William Scoresby (* 5. Oktober 1789 nahe Whitby, Yorkshire; † 21. März 1857 in Torquay) war ein britischer Seefahrer und Forscher.

Leben und Wirken

Scoresby war ein englischer Walfänger, der zwischen 1803 und 1822 ca. 20 Reisen in nordische Gewässer machte. Er erreichte 1806 mit dem Walfangschiff Resolution zwischen Grönland und Spitzbergen die damals höchste geographische Breite (81° 30' N). In den Jahren 1817 und 1818 erforschte er Spitzbergen und landete 1822 als Erster an der Ostküste Grönlands, die er teilweise kartierte (Scoresbysund). Durch seine Untersuchungen erkannte Scoresby, dass Eis auch auf offener See entsteht und dass sich Packeis ununterbrochen von Spitzbergen bis Nowaja Semlja ausdehnt. Von 1839 bis 1852 veröffentlichte Scoresby seine Forschungsergebnisse über den Erdmagnetismus.

Nach seinen Forschungsreisen studierte Scoresby in Cambridge Theologie.

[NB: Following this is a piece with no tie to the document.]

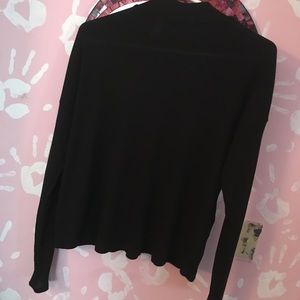 Black long sleeve turtle neck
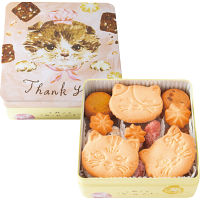こねこのこねこねクッキー缶 Ｔｈａｎｋ　ｙｏｕ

1819 wurde Scoresby zum Mitglied (Fellow) der Royal Society of Edinburgh gewählt.[1] 1824 wurde er Fellow der Royal Society.[2] 1827 wurde er als korrespondierendes Mitglied in die Académie des sciences aufgenommen.[3]

Ehrungen

1935 wurde durch die IAU der Mondkrater Scoresby nach ihm benannt. In der Antarktis trägt die William Scoresby Bay seinen Namen. Das William-Scoresby-Archipel ist nach dem nach ihm benannten Forschungsschiff William Scoresby benannt.

Einzelnachweise

  1. Fellows Directory. Biographical Index: Former RSE Fellows 1783–2002. (PDF-Datei) Royal Society of Edinburgh, abgerufen am 6. April 2020.
  2. Eintrag zu Scoreby, William (1789 - 1857) im Archiv der Royal Society, London
  3. Verzeichnis der Mitglieder seit 1666: Buchstabe S. Académie des sciences, abgerufen am 28. Februar 2020 (französisch).